La grande vague des abjurations collectives de 1685

Entre 1661 et l’automne 1685, les abjurations des protestants de Provence se sont accrues, la progression est lente mais sûre, même si le nombre n’a rien à voir avec les abjurations en masse qui auront lieu dès le mois d’octobre 1685. Ce mouvement s’accélère doucement et suit celui de la multiplication de la législation anti-protestante.

À partir de 1681, les choses vont changer. Un premier événement important est la dragonnade du Poitou initiée par Louvois et mise en œuvre par l’intendant Marillac. Elle dure de mai à août et aura pour conséquence l’abjuration de 30 000 protestants. De plus, en 1685, Louis XIV, alors à son apogée sur le plan militaire, est en Europe un souverain redouté et respecté. L’opinion des puissants lui importe peu et la question protestante est la seule épine dans son gouvernement dont il veut absolument se débarrasser, c’est pourquoi il va réitérer l’expérience de Marillac et l’étendre à toutes les régions ; Béarn, à partir de mois de mai, Poitou, Bas-Poitou, Aunis et Saintonge, Guyenne, Quercy, Rouergue, Haut-Languedoc, Cévennes, Dauphiné, Vivarais et Provence, la dernière à être dragonnée.

C’est donc la peur du logement qui va déclencher la vague des abjurations massives qui vont s’étendre du 16 octobre 1685 jusqu’au 5 novembre même si par la suite on trouve encore quelques actes épars. Sur la zone que j’ai étudiée 78 % des abjurations sont faites sur les 3 journées des 20, 21, et 22 octobre. On constate que cette vague suit le rythme du passage des soldats. On observe un mouvement en 3 temps collant à la route militaire :
– Zone des Baux, Eyguières
– Zone de Mérindol, Lourmarin
– Marseille

Parfois même, la crainte est telle que les habitants vont abjurer avant même l’arrivée des soldats, notamment dans les lieux à forte présence protestante. Ce fut le cas des habitants de Mérindol qui abjurent sans avoir logé les dragons ; ceux-ci sont alors envoyés à Lauris. Voici ce qu’écrit le notaire de Lauris dans une note en début de registre :

« Ils s’en allaient en foule à l’esglize pour faire leurs abiuration ayant appris que nous avions eu le logement, et leur empressement feust sy grand que le sieur vicaire feust d’obligation de faire fermer la porte de son esglize, ne pouvant pas le contenir un sy grand nombre, ainsin que la chose feust assurée le lendemain par ledict sieur vicaire et autres personnes dignes de foi quy auroient esté tesmoins oculaires. »
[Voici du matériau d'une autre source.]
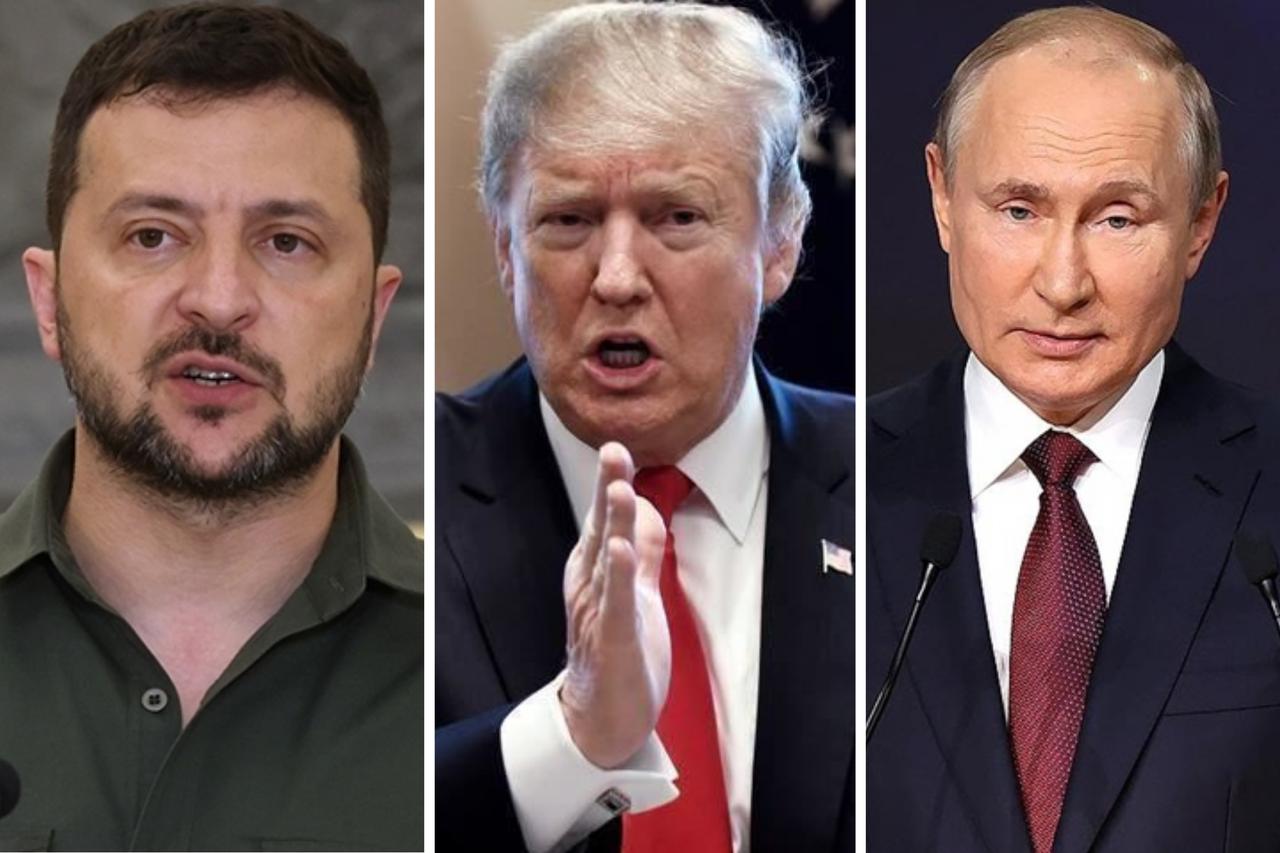 Photo combination shows Ukrainian President Volodymyr Zelenskyy (L), U.S. President Donald Trump (C), and Russian President Vladimir Putin (R), created on May 11, 2025. (Collage by Türkiye Today / Photos via AA)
D’une manière générale, les abjurations ont lieu dans l’église du village, et le notaire du lieu rédige l’acte officiel. Dans la typologie des abjurations (3 types rencontrés : type 1 ou minimal, type 2 plus développé et type 3 ou baroque) elles appartiennent au type 1 minimal ce qui est bien compréhensible, étant faites sous la pression.

Approche quantitative

Pour la zone que j’ai étudiée entre octobre et décembre 1685, cette vague représente quelques 2861 individus dont 2839 sont provençaux.  La grande majorité abjure sur place, dans le lieu de résidence alors que dans la période précédente on préférait le faire ailleurs ; cela est bien compréhensible dans une situation d’urgence comme celle-ci.

Il existe un état de la population protestante en 1682. Pour la zone que j’ai étudiée, il compte environ 3574 individus. Cet écart s’explique par le fait qu’entre 1682 et 1685 abjurations et décès n’ont pas compensé les naissances et les conversions au protestantisme ; de plus il manque de précision, les données sont fournies parfois en nombre d’individus, parfois en nombre de familles sans préciser combien de membres représentent ces familles. Samuel Mours majore un peu les résultats de cet état et propose pour la Provence entière 8000 protestants en 1682. Cela permet de dire que la zone étudiée a permis de trouver trace d’environ un tiers de cette population.

Les vagues d’abjuration de la fin de l’année 1685, fruit de la contrainte physique ou tout au mieux de la terreur qu’elle inspire, marquent l’accomplissement du serment de Louis XIV lors de son sacre quand il a juré d’extirper l’hérésie. À partir de ce moment-là, l’Édit de Nantes n’aura plus de raison d’être.